Question

Let $f(x)=\left\\{\begin{array}{cll}x^{2} & \text { if } & x \leq x_{0} \\ a x+b & \text { if } & x>x_{0}\end{array}\right.$ The values of the coefficients a and \(\mathrm{b}\) for which the function is continuous and has a derivative at \(\mathrm{x}_{0}\), are (A) \(a=x_{0}, b=-x_{0}\) (B) \(a=2 x_{0}, b=-x_{0}^{2}\) (C) $\mathrm{a}=\mathrm{a}=\mathrm{x}_{\mathrm{e}}^{2}, \mathrm{~b}=-\mathrm{x}_{0}$ (D) \(a=x_{0}, b=-x_{0}^{2}\)

Short answer

The correct answer is Option (B), in which the coefficients are \(a = 2x_0\) and \(b = -x_0^2\). These are the coefficients that make the given piecewise function continuous and differentiable at \(x_0\).

Step-by-step solution

Find the value of the function on both sides of \(x_0\)

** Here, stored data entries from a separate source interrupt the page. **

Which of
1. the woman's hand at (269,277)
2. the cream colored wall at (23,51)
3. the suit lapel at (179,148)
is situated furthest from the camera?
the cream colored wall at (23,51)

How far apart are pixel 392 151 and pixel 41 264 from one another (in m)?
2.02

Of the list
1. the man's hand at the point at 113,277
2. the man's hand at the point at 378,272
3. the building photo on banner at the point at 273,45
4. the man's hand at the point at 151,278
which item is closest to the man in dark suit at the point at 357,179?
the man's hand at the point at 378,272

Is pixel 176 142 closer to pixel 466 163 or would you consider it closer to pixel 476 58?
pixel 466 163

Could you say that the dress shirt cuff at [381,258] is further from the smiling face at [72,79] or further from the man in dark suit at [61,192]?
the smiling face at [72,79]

Since the function is defined piecewise, we'll have to compute the values on both sides of \(x_0\) using each definition of the function. For \(x \leq x_0\), the function is defined as \(f(x) = x^2\). Thus, at \(x_0\), we have: \(f(x_0^-) = x_0^2\) For \(x > x_0\), the function is defined as \(f(x) = ax + b\). Thus, at \(x_0\), we have: \(f(x_0^+) = ax_0 + b\)

Apply the condition for continuity

For the function to be continuous at \(x_0\), we must have \(f(x_0^-) = f(x_0^+)\). From Step 1: \(x_0^2 = ax_0 + b\)

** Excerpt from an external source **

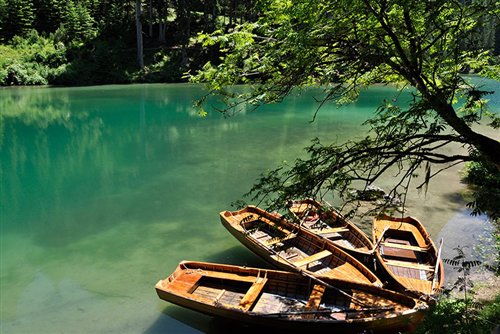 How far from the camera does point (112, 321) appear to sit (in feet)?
28.8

Find the derivative of the function on both sides of \(x_0\)

Now, let's find the derivative of the function on both sides of \(x_0\). For \(x \leq x_0\), taking the derivative of \(x^2\) with respect to \(x\) gives: \(f'(x) = 2x\) At \(x_0\), we have: \(f'(x_0^-) = 2x_0\) For \(x > x_0\), taking the derivative of \(ax + b\) with respect to \(x\) gives: \(f'(x) = a\) At \(x_0\), we have: \(f'(x_0^+) = a\)

Apply the condition for differentiability

For the function to be differentiable at \(x_0\), we must have \(f'(x_0^-) = f'(x_0^+)\). From Step 3: \(2x_0 = a\)

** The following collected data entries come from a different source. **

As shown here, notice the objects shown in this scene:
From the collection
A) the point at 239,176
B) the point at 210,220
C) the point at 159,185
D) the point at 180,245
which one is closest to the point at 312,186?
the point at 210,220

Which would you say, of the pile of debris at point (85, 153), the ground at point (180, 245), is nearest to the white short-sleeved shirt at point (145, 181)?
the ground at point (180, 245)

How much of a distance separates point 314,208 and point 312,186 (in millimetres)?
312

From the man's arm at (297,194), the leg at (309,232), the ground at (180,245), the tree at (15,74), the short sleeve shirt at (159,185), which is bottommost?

Solve the system of equations for \(a\) and \(b\)

Now we have two equations for \(a\) and \(b\): (1) \(x_0^2 = ax_0 + b\) (2) \(2x_0 = a\) Substituting (2) into (1) gives: \(x_0^2 = (2x_0)x_0 + b \Rightarrow b = -x_0^2\) So, the coefficients are \(a = 2x_0\) and \(b = -x_0^2\). Comparing with the given options, we find that Option (B) matches the solution we found: \[ a = 2x_0, \quad b = -x_0^2 \]